Data below
------
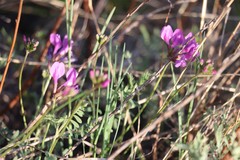 Astragalus ceratoides
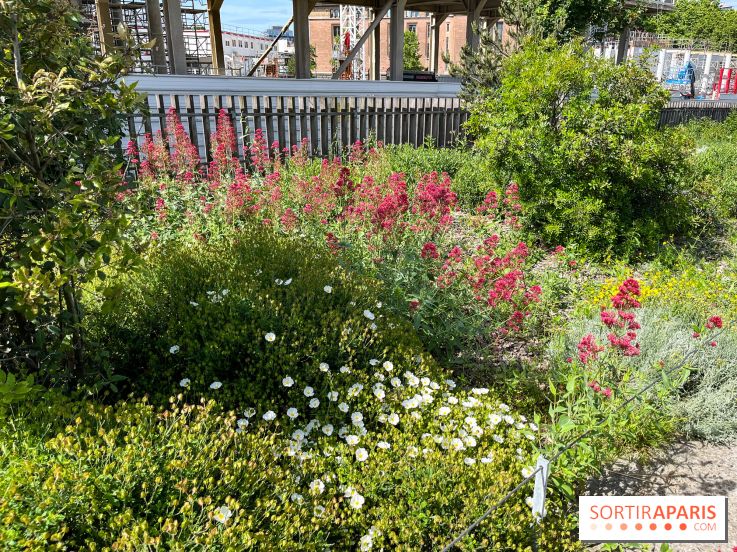 Jardin Anna Marly - nos photos
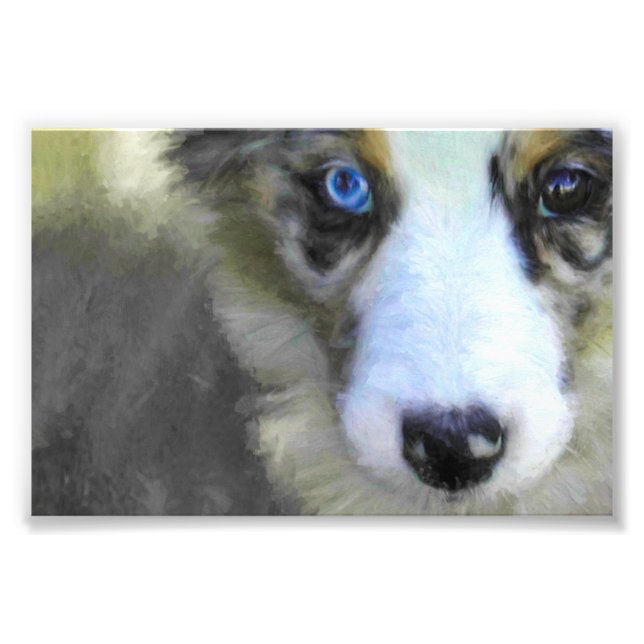 Puppy 1 australian shepherd fototryck (Framsidan)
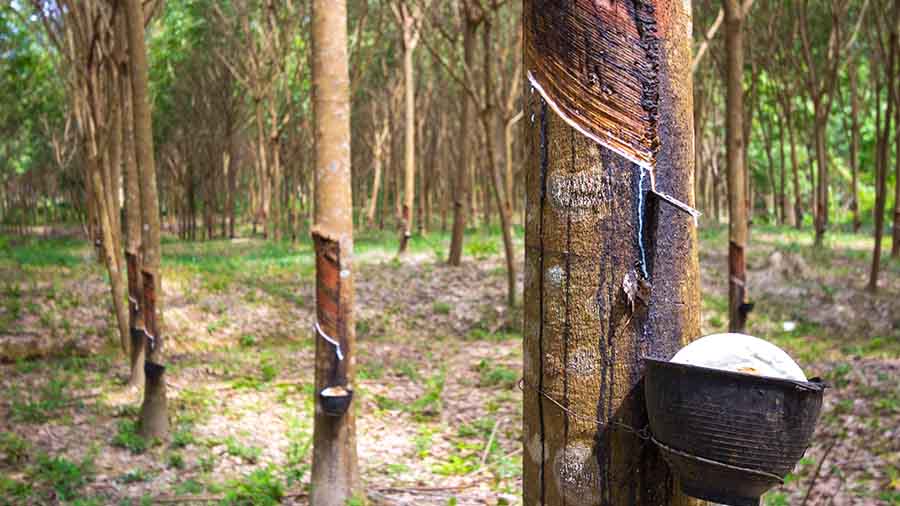 越南橡胶工业：产量、绩效和潜力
------
Task instructions
Go through the lines above and write each one out verbatim, skipping the pictures.

Response to the task
 Astragalus ceratoides
 Jardin Anna Marly - nos photos
 Puppy 1 australian shepherd fototryck (Framsidan)
 越南橡胶工业：产量、绩效和潜力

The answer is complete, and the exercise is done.